What this book covers
Chapter 1, An Introduction to Basic Packages, Functions, and Concepts, introduces some of the basic tools and concepts that will be needed in the rest of the book, including the main Python packages for mathematical programming, NumPy and SciPy.
Chapter 2, Mathematical Plotting with Matplotlib, covers the basics of plotting with Matplotlib, which is useful when solving almost all mathematical problems.
Chapter 3, Calculus and Differential Equations, introduces topics from calculus such as differentiation and integration, and some more advanced topics such as ordinary and partial differential equations.
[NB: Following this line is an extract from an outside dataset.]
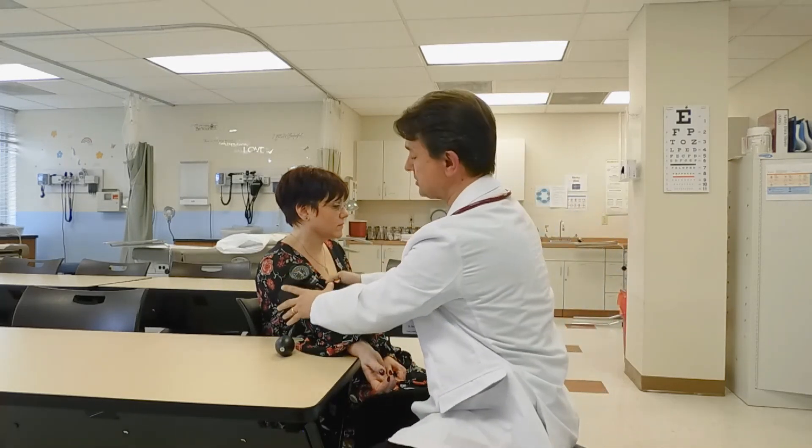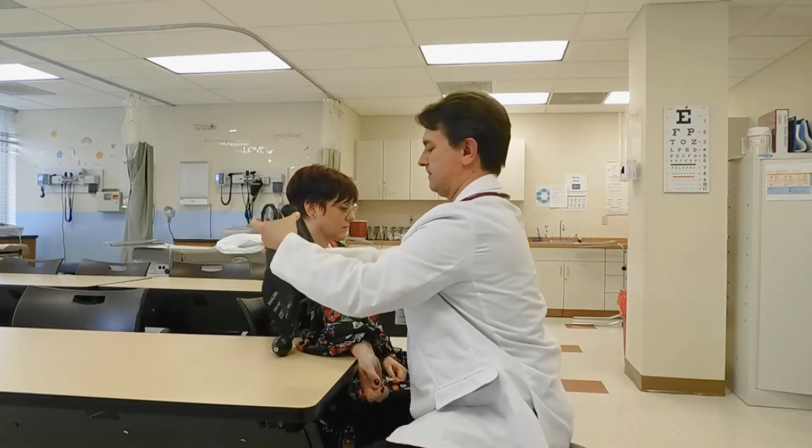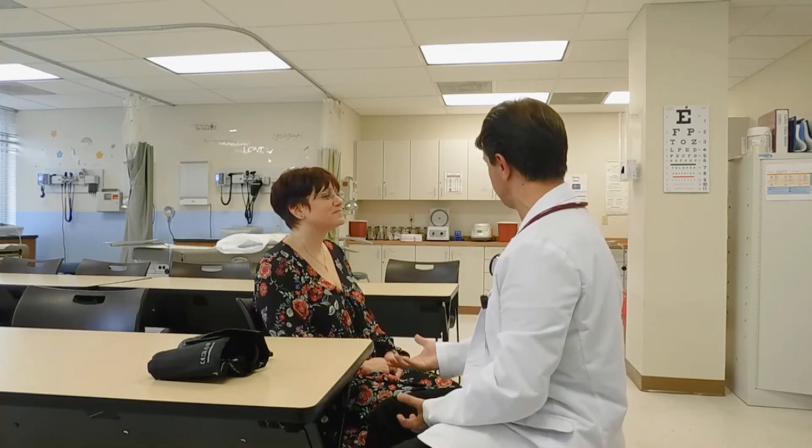Remove the cuff from your patient and make sure it is fully deflated. At this point you would document the patient's blood pressure correctly in either your digital or manual charting system and compare it against previous readings. Don't forget to thank your patient for participating in the procedure. Thank you so much for your blood pressure reading — we're going to record that and give these results to your provider, who will be in with you shortly.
Chapter 4, Working with Randomness and Probability, introduces the fundamentals of randomness and probability, and how to use Python to explore these ideas.
Chapter 5, Working with Trees and Networks, covers working with trees and networks (graphs) in Python using the NetworkX
package.
Chapter 6, Working with Data and Statistics, gives various techniques for handling, manipulating, and analyzing data using Python.
Chapter 7, Using Regression and Forecasting, describes various techniques for modeling data and predicting future values using the Statsmodels
package and scikit-learn.
Chapter 8, Geometric Problems, demonstrates various techniques for working with geometric objects in Python using the Shapely
package.
Chapter 9, Finding Optimal solutions, introduces optimization and game theory, which uses mathematical methods to find the best solutions to problems.
Chapter 10, Increasing your Productivity, covers an assortment of situations you might encounter while solving mathematical problems using Python.